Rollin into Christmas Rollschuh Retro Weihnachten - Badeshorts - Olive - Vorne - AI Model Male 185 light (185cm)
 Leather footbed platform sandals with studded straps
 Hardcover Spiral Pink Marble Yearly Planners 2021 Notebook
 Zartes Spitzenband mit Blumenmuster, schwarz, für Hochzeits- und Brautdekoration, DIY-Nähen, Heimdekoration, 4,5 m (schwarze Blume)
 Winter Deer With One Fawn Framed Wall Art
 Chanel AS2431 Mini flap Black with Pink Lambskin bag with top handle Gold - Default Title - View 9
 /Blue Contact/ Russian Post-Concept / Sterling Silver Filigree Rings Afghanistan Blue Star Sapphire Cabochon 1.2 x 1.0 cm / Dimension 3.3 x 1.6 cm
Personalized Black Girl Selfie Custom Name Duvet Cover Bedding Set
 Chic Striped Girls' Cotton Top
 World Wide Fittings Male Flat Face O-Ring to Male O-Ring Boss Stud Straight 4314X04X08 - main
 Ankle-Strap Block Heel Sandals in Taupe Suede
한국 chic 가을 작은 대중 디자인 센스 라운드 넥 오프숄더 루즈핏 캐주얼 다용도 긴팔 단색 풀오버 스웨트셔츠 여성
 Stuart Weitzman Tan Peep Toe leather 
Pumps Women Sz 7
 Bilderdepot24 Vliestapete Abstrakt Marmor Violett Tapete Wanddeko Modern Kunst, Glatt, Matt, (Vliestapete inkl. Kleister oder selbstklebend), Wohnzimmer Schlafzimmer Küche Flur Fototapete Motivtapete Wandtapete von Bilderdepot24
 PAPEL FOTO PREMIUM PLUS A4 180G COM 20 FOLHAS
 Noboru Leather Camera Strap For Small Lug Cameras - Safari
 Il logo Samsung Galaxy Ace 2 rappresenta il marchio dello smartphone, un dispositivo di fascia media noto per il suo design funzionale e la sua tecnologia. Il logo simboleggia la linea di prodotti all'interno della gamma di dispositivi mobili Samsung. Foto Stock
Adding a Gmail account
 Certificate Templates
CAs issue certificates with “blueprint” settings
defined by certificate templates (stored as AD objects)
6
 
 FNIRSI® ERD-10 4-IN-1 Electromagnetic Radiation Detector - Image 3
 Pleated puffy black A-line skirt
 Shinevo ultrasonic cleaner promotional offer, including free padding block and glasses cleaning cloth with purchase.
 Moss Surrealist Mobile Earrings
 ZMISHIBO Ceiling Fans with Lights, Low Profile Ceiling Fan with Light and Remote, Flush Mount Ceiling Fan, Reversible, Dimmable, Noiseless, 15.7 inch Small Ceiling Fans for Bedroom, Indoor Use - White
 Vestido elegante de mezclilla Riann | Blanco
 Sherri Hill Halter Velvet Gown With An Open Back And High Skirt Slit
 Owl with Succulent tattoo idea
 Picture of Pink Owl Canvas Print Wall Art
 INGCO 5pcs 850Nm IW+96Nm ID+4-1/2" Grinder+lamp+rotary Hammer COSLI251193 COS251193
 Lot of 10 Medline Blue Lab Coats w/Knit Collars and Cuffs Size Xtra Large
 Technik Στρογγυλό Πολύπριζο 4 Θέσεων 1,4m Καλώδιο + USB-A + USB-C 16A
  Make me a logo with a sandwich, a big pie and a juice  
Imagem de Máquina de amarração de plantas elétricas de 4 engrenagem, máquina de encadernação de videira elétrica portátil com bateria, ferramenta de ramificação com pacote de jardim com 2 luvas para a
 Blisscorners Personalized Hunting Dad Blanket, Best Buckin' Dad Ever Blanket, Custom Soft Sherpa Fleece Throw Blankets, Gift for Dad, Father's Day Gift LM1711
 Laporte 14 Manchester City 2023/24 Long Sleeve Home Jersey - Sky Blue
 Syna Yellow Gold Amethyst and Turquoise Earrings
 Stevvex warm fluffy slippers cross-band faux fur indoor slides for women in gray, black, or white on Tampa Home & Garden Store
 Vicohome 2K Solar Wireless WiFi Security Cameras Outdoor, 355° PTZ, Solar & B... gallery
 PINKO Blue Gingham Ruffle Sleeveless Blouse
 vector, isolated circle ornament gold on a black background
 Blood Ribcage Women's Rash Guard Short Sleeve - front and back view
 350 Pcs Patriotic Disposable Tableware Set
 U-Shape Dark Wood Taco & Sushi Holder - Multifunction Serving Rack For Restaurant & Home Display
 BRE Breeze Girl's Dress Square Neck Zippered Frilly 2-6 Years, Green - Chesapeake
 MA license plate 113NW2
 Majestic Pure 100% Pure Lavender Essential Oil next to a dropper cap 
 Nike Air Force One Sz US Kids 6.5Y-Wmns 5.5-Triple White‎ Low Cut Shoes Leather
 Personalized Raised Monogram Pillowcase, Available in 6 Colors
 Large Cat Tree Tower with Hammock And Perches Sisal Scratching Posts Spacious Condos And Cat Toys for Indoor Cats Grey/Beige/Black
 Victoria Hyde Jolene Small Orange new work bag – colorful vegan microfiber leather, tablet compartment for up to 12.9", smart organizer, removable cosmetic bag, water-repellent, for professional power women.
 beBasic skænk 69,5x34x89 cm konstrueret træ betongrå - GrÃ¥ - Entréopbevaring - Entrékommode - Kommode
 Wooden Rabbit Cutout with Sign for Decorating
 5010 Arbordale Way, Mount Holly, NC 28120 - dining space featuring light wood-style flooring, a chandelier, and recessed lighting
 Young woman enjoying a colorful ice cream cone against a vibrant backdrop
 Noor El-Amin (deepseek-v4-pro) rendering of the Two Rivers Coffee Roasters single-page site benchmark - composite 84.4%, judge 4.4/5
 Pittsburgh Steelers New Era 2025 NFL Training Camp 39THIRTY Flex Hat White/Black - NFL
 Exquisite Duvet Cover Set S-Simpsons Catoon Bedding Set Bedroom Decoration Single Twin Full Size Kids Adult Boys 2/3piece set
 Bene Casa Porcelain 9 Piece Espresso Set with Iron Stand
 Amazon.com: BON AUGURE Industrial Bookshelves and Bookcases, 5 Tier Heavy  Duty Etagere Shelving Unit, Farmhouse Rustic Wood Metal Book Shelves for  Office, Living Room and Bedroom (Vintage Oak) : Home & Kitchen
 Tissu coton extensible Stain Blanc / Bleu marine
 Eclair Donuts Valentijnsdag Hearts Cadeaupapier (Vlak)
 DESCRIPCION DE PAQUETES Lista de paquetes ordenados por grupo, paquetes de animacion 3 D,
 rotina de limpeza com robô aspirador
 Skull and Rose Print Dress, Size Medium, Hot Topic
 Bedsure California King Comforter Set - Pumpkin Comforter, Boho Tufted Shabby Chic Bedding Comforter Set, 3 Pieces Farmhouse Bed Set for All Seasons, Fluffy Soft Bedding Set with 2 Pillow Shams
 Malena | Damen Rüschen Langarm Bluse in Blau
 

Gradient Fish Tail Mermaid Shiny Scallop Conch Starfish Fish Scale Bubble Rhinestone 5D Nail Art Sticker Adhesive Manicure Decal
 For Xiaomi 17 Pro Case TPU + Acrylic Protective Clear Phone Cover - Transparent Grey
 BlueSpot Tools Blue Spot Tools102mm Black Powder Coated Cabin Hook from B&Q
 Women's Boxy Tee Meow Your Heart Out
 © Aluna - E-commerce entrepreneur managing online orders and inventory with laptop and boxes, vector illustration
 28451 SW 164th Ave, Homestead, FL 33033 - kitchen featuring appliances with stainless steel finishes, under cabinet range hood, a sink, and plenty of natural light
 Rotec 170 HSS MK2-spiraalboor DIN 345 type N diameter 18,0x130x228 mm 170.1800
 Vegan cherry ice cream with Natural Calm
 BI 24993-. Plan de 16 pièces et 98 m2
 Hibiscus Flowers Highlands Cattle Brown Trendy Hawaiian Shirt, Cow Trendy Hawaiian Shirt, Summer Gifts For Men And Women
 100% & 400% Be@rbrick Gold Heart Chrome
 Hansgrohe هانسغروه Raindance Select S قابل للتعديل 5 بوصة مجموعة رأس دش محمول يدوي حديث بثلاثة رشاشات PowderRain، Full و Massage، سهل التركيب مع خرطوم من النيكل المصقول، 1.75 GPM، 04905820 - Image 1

ACTION ITEM: Return only those lines that run from the one containing "Malena | Damen Rüschen Langarm Bluse in Blau" through the end of the entries, keeping each exactly as written.

EXERCISE RESULT:
 Malena | Damen Rüschen Langarm Bluse in Blau
 

Gradient Fish Tail Mermaid Shiny Scallop Conch Starfish Fish Scale Bubble Rhinestone 5D Nail Art Sticker Adhesive Manicure Decal
 For Xiaomi 17 Pro Case TPU + Acrylic Protective Clear Phone Cover - Transparent Grey
 BlueSpot Tools Blue Spot Tools102mm Black Powder Coated Cabin Hook from B&Q
 Women's Boxy Tee Meow Your Heart Out
 © Aluna - E-commerce entrepreneur managing online orders and inventory with laptop and boxes, vector illustration
 28451 SW 164th Ave, Homestead, FL 33033 - kitchen featuring appliances with stainless steel finishes, under cabinet range hood, a sink, and plenty of natural light
 Rotec 170 HSS MK2-spiraalboor DIN 345 type N diameter 18,0x130x228 mm 170.1800
 Vegan cherry ice cream with Natural Calm
 BI 24993-. Plan de 16 pièces et 98 m2
 Hibiscus Flowers Highlands Cattle Brown Trendy Hawaiian Shirt, Cow Trendy Hawaiian Shirt, Summer Gifts For Men And Women
 100% & 400% Be@rbrick Gold Heart Chrome
 Hansgrohe هانسغروه Raindance Select S قابل للتعديل 5 بوصة مجموعة رأس دش محمول يدوي حديث بثلاثة رشاشات PowderRain، Full و Massage، سهل التركيب مع خرطوم من النيكل المصقول، 1.75 GPM، 04905820 - Image 1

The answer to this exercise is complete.